# TraCo/Tracy/EPAK - The Sam Ting?



## Michael Billings (Sep 23, 2003)

I had a question on the "What type of Kenpo" poll thread.

It has to do with the TRACO system of Kenpo and it's similarities to what the Tracy system teaches, and to a lesser extent, the differences between those and EPAK.  I think the EPAK question as been explored pretty well, but TRACO & TRACY I have not really seen here.

I was in the NCKKA (National Chinese Kenpo Karate Association), a Chinese Kenpo system that split from EPAK circa 1969 under Mr. LaBounty and Gary Swan.  This was following the attempt to spread Kenpo as a franchise.  Lots of interesting stories there also.

The technique names were the same as the Tracy system and required things like Spear Set, Book Set, Tiger and Crane, Chinese Saber, etc., along with the American Kenpo numbered forms.  I understand this part of it and where and when these two systems came from.  But I know very little history of TRACO.  Can someone give me a breif history?  Then maybe a bit of a comparison?

Thanks,  
-Michael


----------



## WhiteTiger (Sep 24, 2003)

I suggest you read this article.

http://www.tracyskarate.com/CONTROVERSY/connor.htm


----------



## Michael Billings (Sep 24, 2003)

... for the phone call.  I was being a bit disingenuous with my post above.  The NCKKA was in the same town as Mr.
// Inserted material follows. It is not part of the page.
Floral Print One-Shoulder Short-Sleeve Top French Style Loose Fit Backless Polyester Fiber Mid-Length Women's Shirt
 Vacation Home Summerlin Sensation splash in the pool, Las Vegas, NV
Conner, at the same time.  I have heard one side of the story, but never the TRACO side.  

-MB


----------



## WhiteTiger (Sep 24, 2003)

I am not close-minded on any of these type of issues, and I have no personal interest either way.  If there is another side of the story, please share.

The only reason I referenced the above article from the Tracy Web site, is that if he is willing to publish something like that on his Website for all to see, and sign his name to it, than he must be pretty confident that it is factual.

If not than let's hear the other side.......


----------



## Michael Billings (Sep 24, 2003)

What I know is definitly less than published, but maybe more personal stories by the people who were there, and not friends of the Tom Conner Sr.  Apparently TRACO continued with his son Tom Conner Jr., who is now also deceased.  The schools still flourish in the Arizona/New Mexico area, and I hesitate to bring it up with one of my students, who is proud of his lineage and just plain does not know all the poop!

-MB


----------



## Ender (Sep 24, 2003)

I am so confused over the Tracy thing. were they students of Ed Parker?...why did they split?...do they claim some sort of title in kenpo..I have no clue here.


----------



## CoolKempoDude (Sep 24, 2003)

i read this on tracy's web site and oh boy, the whole thing is so bad.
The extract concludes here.